Analytics Edge: Unit 7 - Election Forecasting Revisited

Election Forecasting Revisited

Background Information on the Dataset

In the recitation from Unit 3, we used logistic regression on polling data in order to construct US presidential election predictions. We separated our data into a training set, containing data from 2004 and 2008 polls, and a test set, containing the data from 2012 polls. We then proceeded to develop a logistic regression model to forecast the 2012 US presidential election.

In this homework problem, we’ll revisit our logistic regression model from Unit 3, and learn how to plot the output on a map of the United States. Unlike what we did in the Crime lecture, this time we’ll be plotting predictions rather than data!

First, load the ggplot2, maps, and ggmap packages using the library function. All three packages should be installed on your computer from lecture, but if not, you may need to install them too using the install.packages function.

# Load packages
library(maps)
library(devtools)  
library(ggmap)
register_google(key = "AIzaSyBlCZXGDK9dN3Vf_N1qdI6mPfFFCA34ubs")

Then, load the US map and save it to the variable statesMap, like we did during the Crime lecture:

# Load StateMap
statesMap = map_data("state")

The maps package contains other built-in maps, including a US county map, a world map, and maps for France and Italy.

Drawing a Map of the US

If you look at the structure of the statesMap data frame using the str function, you should see that there are 6 variables.

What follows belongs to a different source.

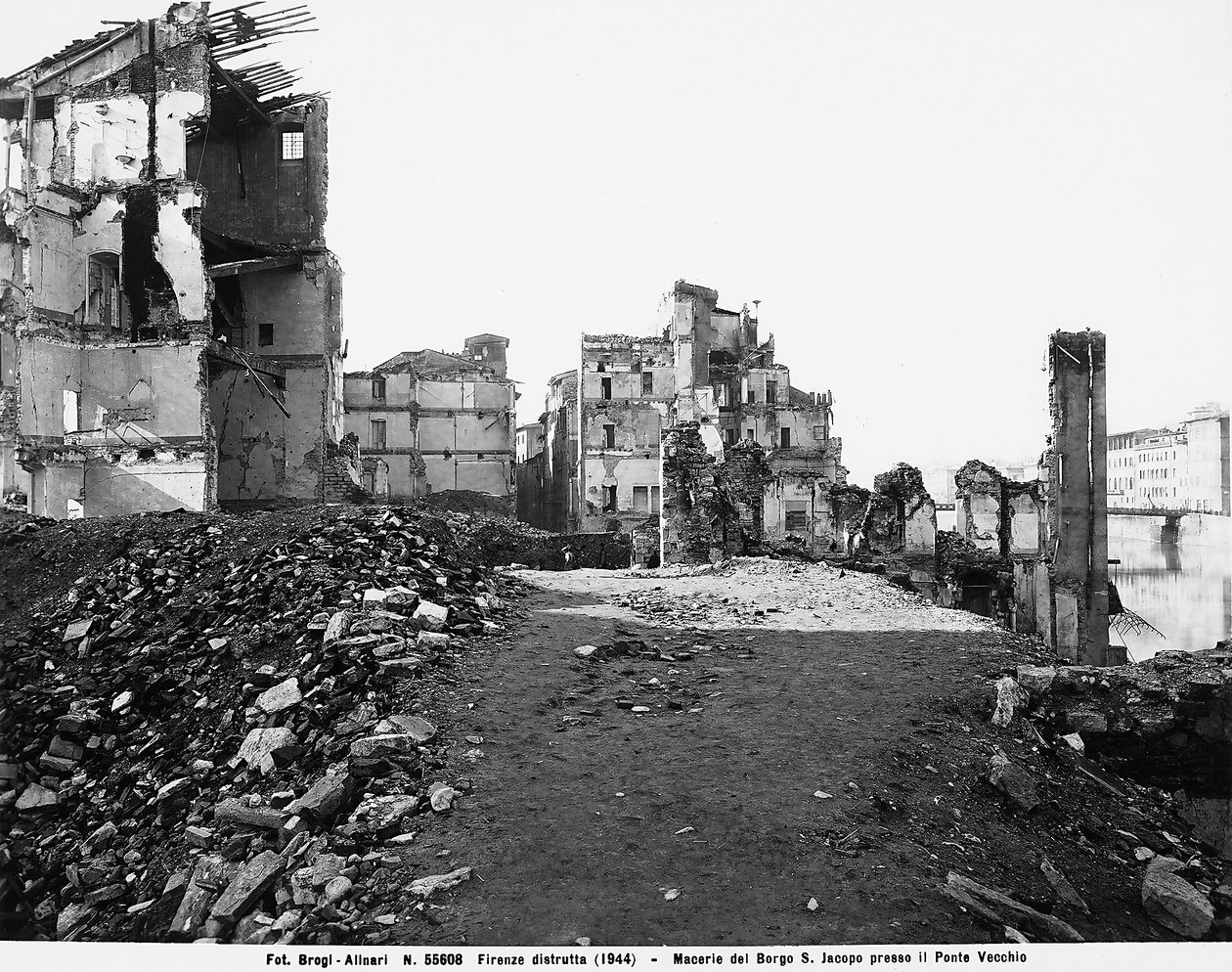 Druhá světová válka: Škody způsobené bombardováním v Borgo San Jacopo na Ponte Vecchio ve Florencii. Tato fotografie byla dříve součástí sbírky Brogi, ale nyní patří do sbírky Alinari (černobílá fotografie) od Fratelli Alinari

One of the variables, group, defines the different shapes or polygons on the map. Sometimes a state may have multiple groups, for example, if it includes islands.

# Output structure 
str(statesMap)
## 'data.frame':    15537 obs. of  6 variables:
##  $ long     : num  -87.5 -87.5 -87.5 -87.5 -87.6 ...
##  $ lat      : num  30.4 30.4 30.4 30.3 30.3 ...
##  $ group    : num  1 1 1 1 1 1 1 1 1 1 ...
##  $ order    : int  1 2 3 4 5 6 7 8 9 10 ...
##  $ region   : chr  "alabama" "alabama" "alabama" "alabama" ...
##  $ subregion: chr  NA NA NA NA ...

How many different groups are there?

z = table(statesMap$group)
kable(z)

Var1	Freq
1	202
2	149
3	312
4	516
5	79
6	91
7	94
8	10
9	872
10	381
11	233
12	329
13	257
14	256
15	113
16	397
17	650
18	399
19	566
20	36
21	220
22	30
23	460
24	370
25	373
26	382
27	315
28	238
29	208
30	70
31	125
32	205
33	78
34	16
35	290
36	21
37	168
38	37
39	733
40	12
41	105
42	238
43	284
44	236
45	172
46	66
47	304
48	166
49	289
50	1088
51	59
52	129
53	96
54	15
55	623
56	17
57	17
58	19
59	44
60	448
61	373
62	388
63	68

There are 63 different groups.

Which one defined the color of the outline of the states?

# Draw Map of US
ggplot(statesMap, aes(x = long, y = lat, group = group)) + geom_polygon(fill = "white", color = "black")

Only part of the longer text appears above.